Work order =>
Reproduce the listing in full, pictures excluded.

Data below =>
━━━━━━━━━━

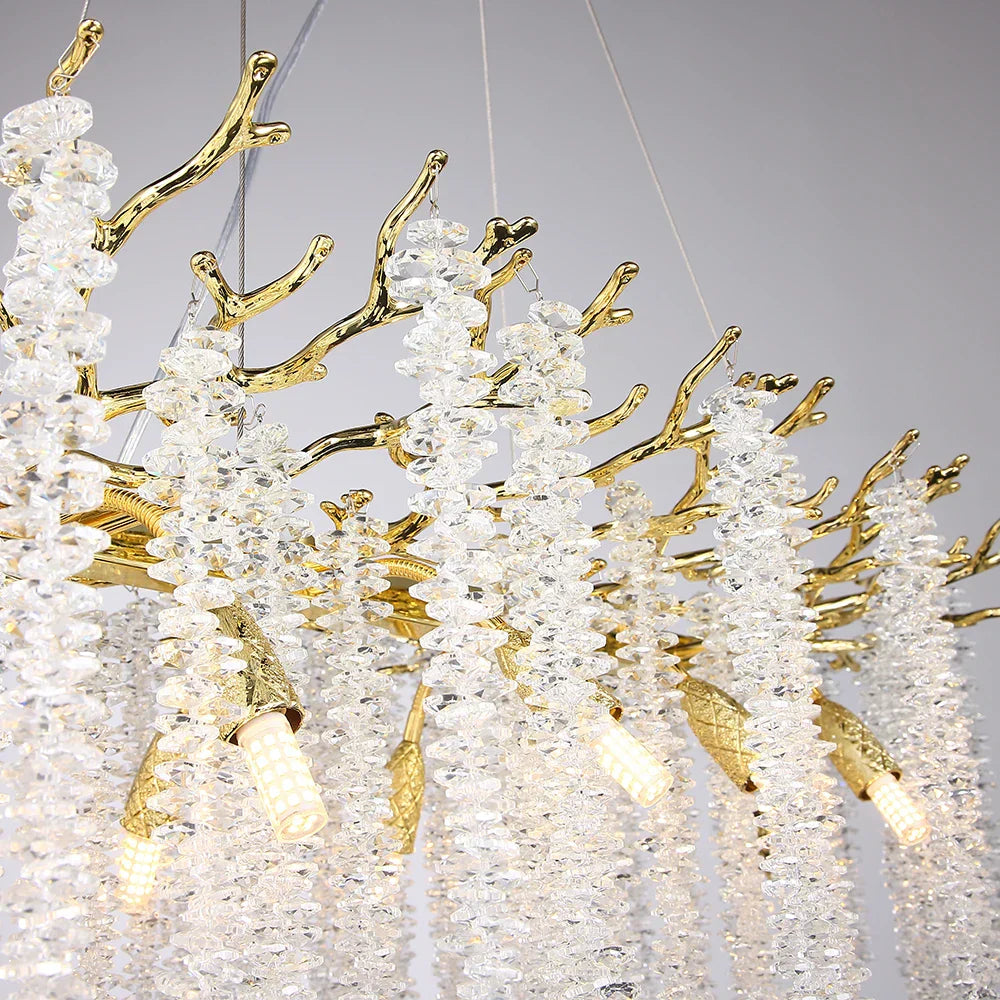 DecorBites™ Crystal Metal Chandelier: Elegant Luxury Hanging Lamp for Home Hotel Decor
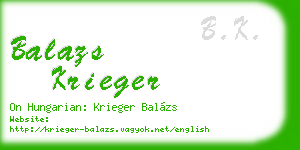 balazs krieger business card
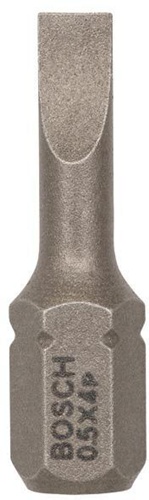 Bosch Schrauberbit Extra-Hart ISO1173 C6.3 S0,5x4mm L.25mm 1/4Zoll-Außen-6kt 25St.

━━━━━━━━━━

Solution =>
 DecorBites™ Crystal Metal Chandelier: Elegant Luxury Hanging Lamp for Home Hotel Decor
 balazs krieger business card
 Bosch Schrauberbit Extra-Hart ISO1173 C6.3 S0,5x4mm L.25mm 1/4Zoll-Außen-6kt 25St.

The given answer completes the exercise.